Notre Dame Prep breaks ground for new performing arts center


Dignitaries, students and community members gathered at Notre Dame Preparatory in Scottsdale Nov. 5 to celebrate the groundbreaking of the school’s new St. Catherine of Bologna Performing Arts Center.

The groundbreaking featured a variety of speakers, blessings, prayers and music to mark the beginning of a project that will span 13 months. St. Catherine of Bologna is the patron saint of performing arts, according to a press release.

Upon completion, the new center will be 21,000 square feet of multi-use space. The building will feature classrooms for drama, music, dance and choir programs as well as a recording studio for digital media students and a blackbox theater.

NDP Principal Jill Plat said she envisions the new center as a place where students can join in worship, work collaboratively on problem solving, generate creative solutions, create art, debate issues and have real-world experiences.

“Often, it is through these activities that students find their strongest connection with school and build their lasting friendships and sense of belonging,” she said. “With an expanded performing arts center, our ability to maintain the strong traditions of NDP will continue and grow.”

Students showcased their talents at the event with NDP’s honors choir and the guitar orchestra providing music throughout the service.

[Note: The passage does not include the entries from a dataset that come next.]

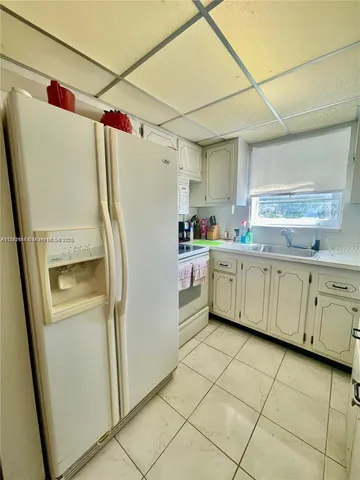 a kitchen with cabinets a sink and appliances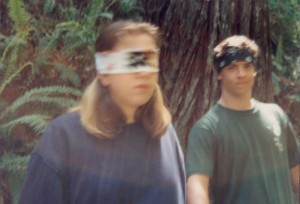 A woman with a blindfold on and another man standing next to her.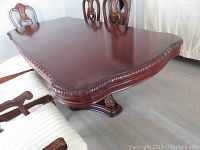 Full view of tabletop with carved molded edge and scalloped corners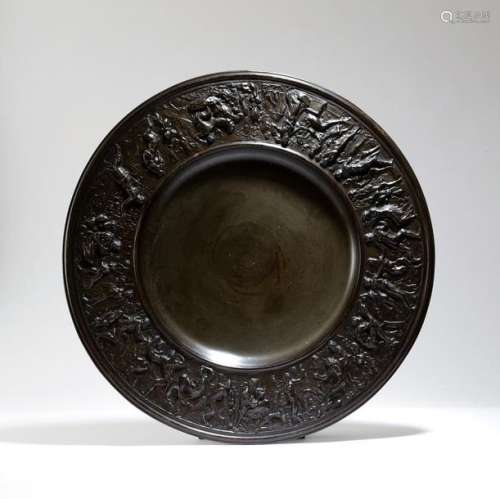A bronzed metal charger in Renaissance style, the …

Senior Katy Eberle offered the opening prayer while senior Matthew Rogers led in the pledge of allegiance. Junior Frankie Keffer led in the reading of the word of God while junior Bennett Curran led in the responsorial psalm.

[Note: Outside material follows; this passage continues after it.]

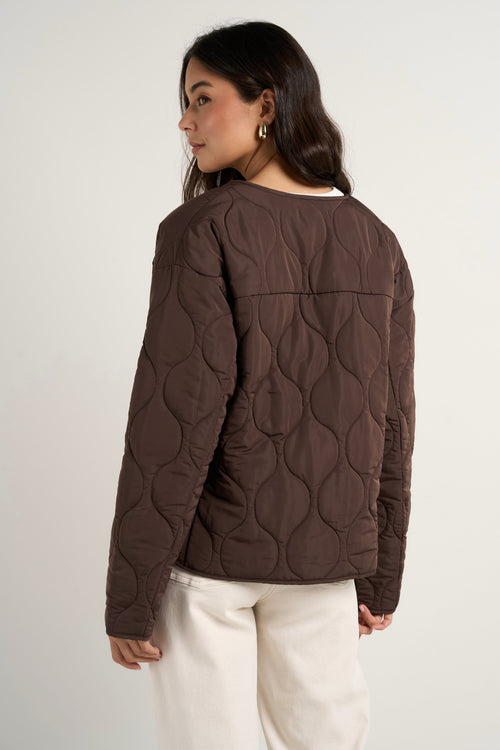 model wears a chocolate brown collarless puffer jacket with  cream jeans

Both Ms. Platt and Harry Plummer, superintendent of the Diocese of Phoenix, spoke at the event. Bishop Thomas J. Olmsted led introductory and concluding rites as well as leading the prayer of blessing upon the site.

Of the many parents and students in attendance, Scottsdale Mayor Jim Lane and Rep. David Schweikert were also in attendance.

Mr. Plummer said he believes the arts are essential in schools despite the push for more STEM --- science, technology, engineering and mathematics --- classes. While he believes those types of classes are important, they shouldn’t come at the expense of other education endeavors, such as the arts.

“In short, I believe the arts advance so many skills we purport that it is impossible to understand a Catholic school without them,” Mr. Plummer said.